Mr Blunkett is downgrading cannabis to a Class C substance so police have more time to combat heroin and crack. The worry is more kids will turn to pot.

Furious Labour MP Kate Hoey accused him of risking the future of the nation’s youth, saying: In ten or 20 years’ time, are you certain that you will not look back on this day as the one when you got it wrong?

Mr Blunkett conceded the change was a gamble during stormy Commons exchanges. He said: There are no certainties when dealing with drugs policies. If there were, we would have found them by now.

He decided to reclassify cannabis as Class C despite fierce opposition from the Government’s own drugs czar Keith Hellawell.

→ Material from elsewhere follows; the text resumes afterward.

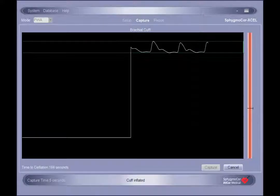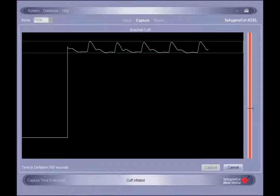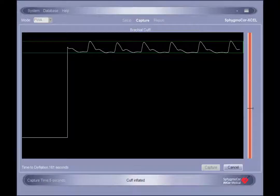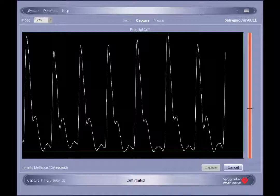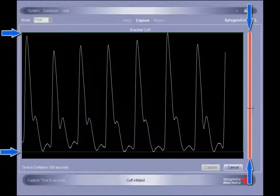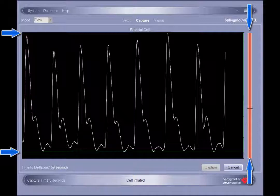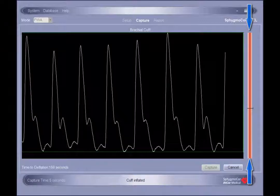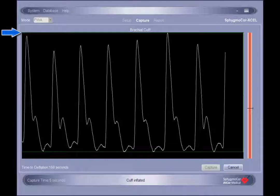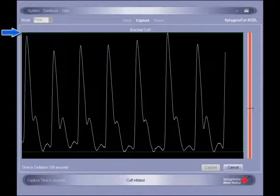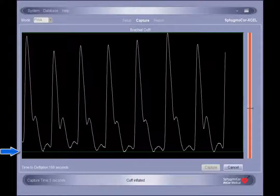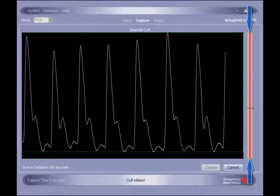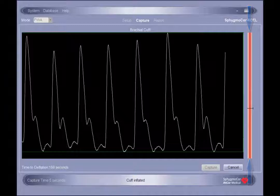During waveform acquisition, the guidance bars evaluate the signal to provide information about the consistency and amplitude of the waveforms. The horizontal bar at the top of the tracing evaluates the consistency of the waveform peaks, the horizontal bar at the bottom of the tracing evaluates the consistency of the baseline, and the vertical column to the right of the capture screen is an indication of the signal amplitude or strength.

Ex-chief constable Mr Hellawell made his feelings clear hours earlier by announcing he had quit.

Under historic changes, police will hand out fixed-penalty tickets to persistent dope users.

People caught smoking the drug in the street will effectively be let off with a caution.

An experiment in Kate Hoey’s constituency in Lambeth, South London, where officers turn a blind eye to cannabis, will be expanded across the capital within weeks.

The new approach will be nationwide by October. Miss Hoey said drug dealing and cannabis use had shot up since the Lambeth experiment began.

She fumed: The message going out to families across the country is very stark and uncomfortable.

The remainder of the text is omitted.